Parágrafo único. O direito a que se refere este artigo extingue-se definitivamente com o decurso do prazo nele previsto, contado da data em que tenha sido iniciada a constituição do crédito tributário pela notificação, ao sujeito passivo, de qualquer medida preparatória indispensável ao lançamento." 

Ressalta-se que os artigos citados não são complementares, pelo contrário: são excludentes entre si.

Assim, tenha o fisco conhecimento ou não, real ou presumido, do termo inicial do fato gerador, a inércia acarreta a perda do direito do Estado em constituir o crédito tributário, sem necessidade de uma exegese mais sofisticada.

Deste modo, se a modalidade de lançamento é por homologação e o contribuinte antecipa o pagamento, corretamente ou a menor, o termo inicial da contagem do prazo decadencial se dá na data de ocorrência do fato gerador, conforme o disposto no artigo 150, parágrafo 4º do CTN, pois o fisco tem conhecimento da ocorrência do fato gerador.

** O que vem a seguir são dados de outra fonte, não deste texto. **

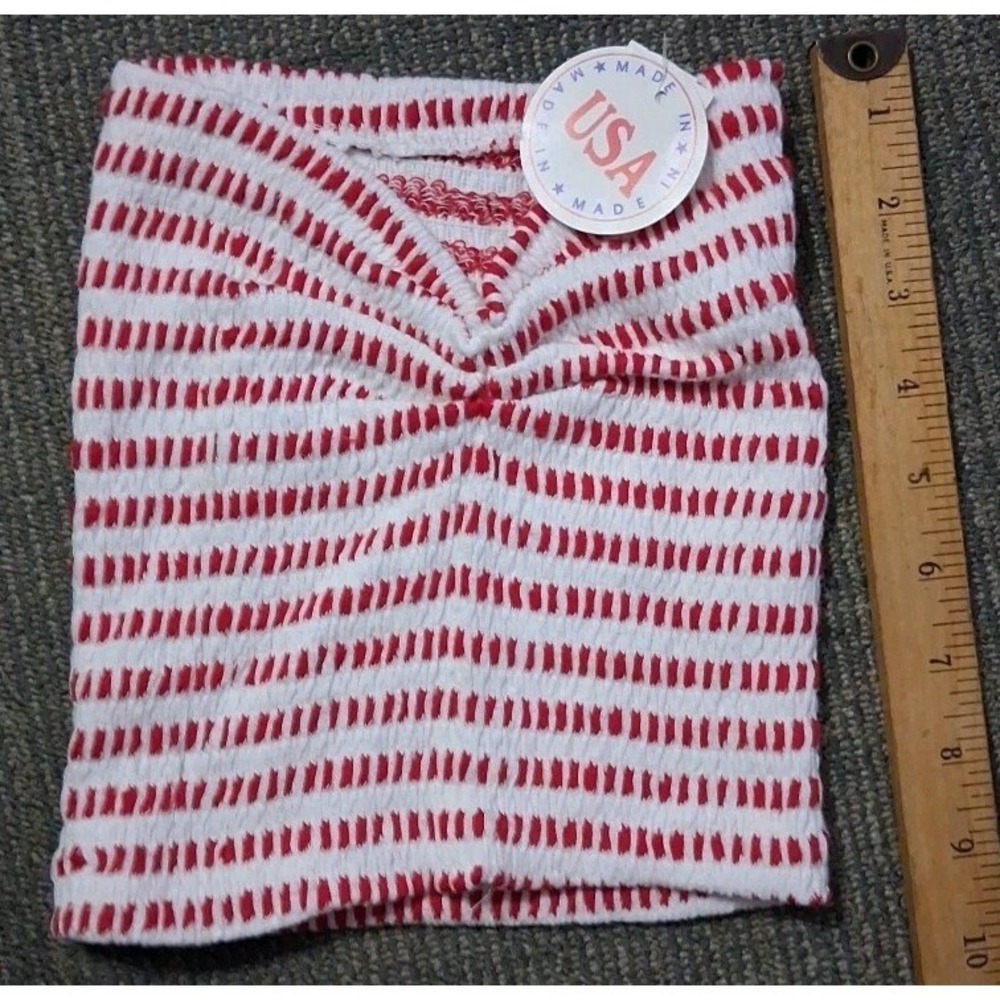 Vtg Red‎ White Striped Tube Top Ruched  Cotton Knit Bandeau One Size 1980's NOS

Ora, se o Fisco recebeu o dinheiro do contribuinte, obviamente está informado sobre o fato gerador e tem como analisar se o pagamento está ou não adequado, inclusive por dever de ofício.

Por outro lado, em não havendo a antecipação do pagamento, o fisco não tem como conhecer a data do fato gerador e, assim, o prazo inicial da decadência será contado a partir do primeiro dia do ano seguinte em que o lançamento deveria ter sido efetuado, conforme o art. 173, inciso I do CTN.

Vejamos a jurisprudência do STJ, julgamento de 23 de abril de 2009, no AgRg no REsp 1044953 / SP, tendo, como relator, o ministro Luiz Fux, hoje no STF. Diz o ministro:

A decadência do direito de lançar do Fisco, em se tratando de tributo sujeito a lançamento por homologação, quando ocorre pagamento antecipado inferior ao efetivamente devido, sem que o contribuinte tenha incorrido em fraude, dolo ou simulação, nem sido notificado pelo Fisco de quaisquer medidas preparatórias, obedece a regra prevista na primeira parte do § 4º, do artigo 150, do Codex Tributário, segundo o qual, se a lei não fixar prazo a homologação, será ele de cinco anos, a contar da ocorrência do fato gerador: "Neste caso, concorre a contagem do prazo para o Fisco homologar expressamente o pagamento antecipado, concomitantemente, com o prazo para o Fisco, no caso de não homologação, empreender o correspondente lançamento tributário. Sendo assim, no termo final desse período, consolidam-se simultaneamente a homologação tácita, a perda do direito de homologar expressamente e, conseqüentemente, a impossibilidade jurídica de lançar de ofício" (In Decadência e Prescrição no Direito Tributário, Eurico Marcos Diniz de Santi, 3ª Ed., Max Limonad , pág. 170). (Grifamos)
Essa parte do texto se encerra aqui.